The same person went on to say that most airlines are in no mood to start a fare war right now, when international supply chains are disrupted and gas prices are still quite high after the Russian invasion of Ukraine.
“It’s unusual. You have demand that is rapidly outstripping supply in India. I think we could have a couple of months where demand and supply are not aligned,” another senior IndiGo executive told Moneycontrol.
Airline ticket prices
The CEO went on to say that while airfares are unlikely to decrease anytime soon, they could partially increase if oil prices continue to rise and the global economy continues to worsen.
“Pilot shortages, delivery shortages from both Boeing and Airbus, air traffic control congestion and airport infrastructure constraints around the world are real, and they are constraints that will take years to be resolved,” added a senior executive of another national company.

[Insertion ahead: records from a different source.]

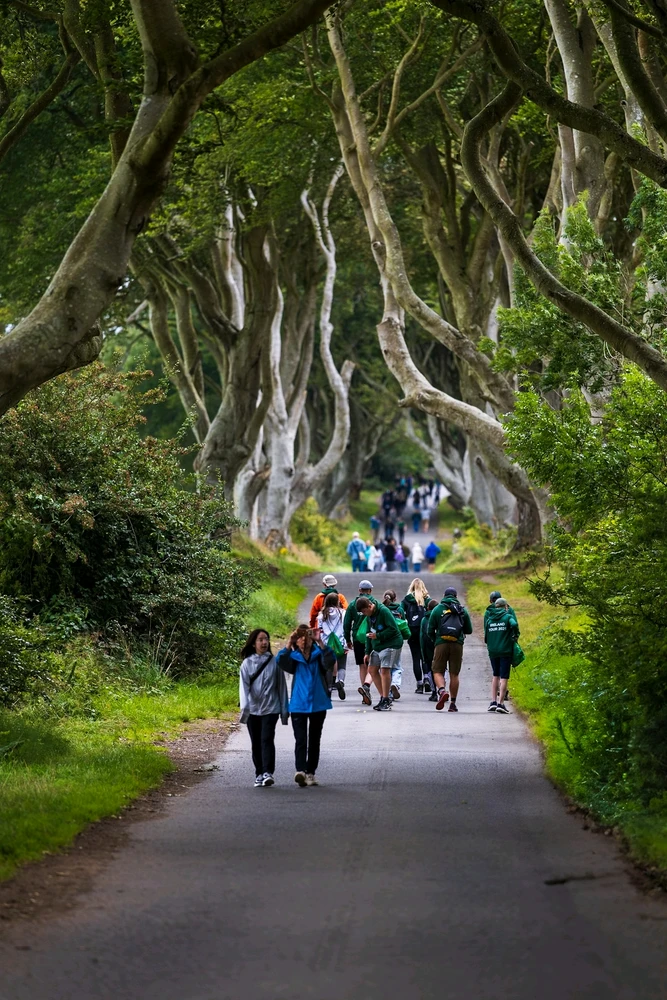 Imagine încărcată de Andrei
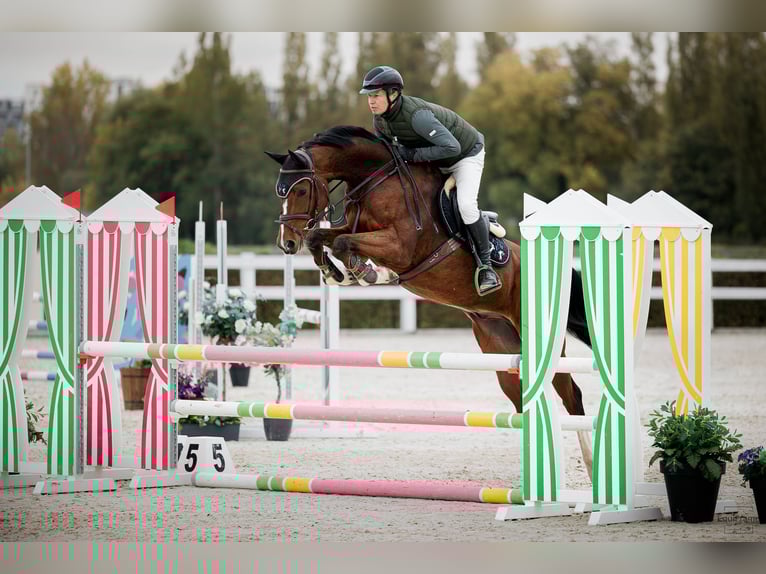 Warmblood eslovaco Caballo castrado 5 años 168 cm Castaño rojizo in Nučice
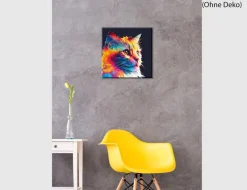 Bild Katze Bunt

In a similar vein, a GoFirst official stated that while travel demand has recovered to pre-Covid-19 levels in India, tight capacity and high fuel prices would likely prevent the rates reach pre-Covid-19 levels anytime soon.

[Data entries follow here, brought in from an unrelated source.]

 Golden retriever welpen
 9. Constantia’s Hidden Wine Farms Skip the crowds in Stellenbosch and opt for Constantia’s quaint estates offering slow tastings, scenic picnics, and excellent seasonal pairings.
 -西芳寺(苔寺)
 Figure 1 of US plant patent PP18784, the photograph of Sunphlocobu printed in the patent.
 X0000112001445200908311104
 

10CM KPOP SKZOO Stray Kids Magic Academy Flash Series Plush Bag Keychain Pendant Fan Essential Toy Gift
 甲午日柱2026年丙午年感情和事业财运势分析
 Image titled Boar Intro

“The supply chain issues are expected to improve in the next six months, but it has affected Indian aviation’s plans to increase capacity over the next two years,” the GoFirst official said.
The grounding of more than 75 aircraft, or about 10-12 percent of the fleet, creates difficulties for Indian carriers in an already unfavorable cost climate.
According to CAPA, major supply chain concerns have reduced airline capacity and could become widespread in the next fiscal year starting in April 2023. Future aircraft deliveries will be affected by this, as well such as those currently being delivered.
Additionally, CAPA India has increased its predictions of losses for Indian carriers in fiscal 2023 from $1.4 billion to $1.7 billion to approximately $2.5 billion. According to the consulting group, the situation will remain difficult as geopolitical forces are influencing fuel prices and disrupting the supply chain.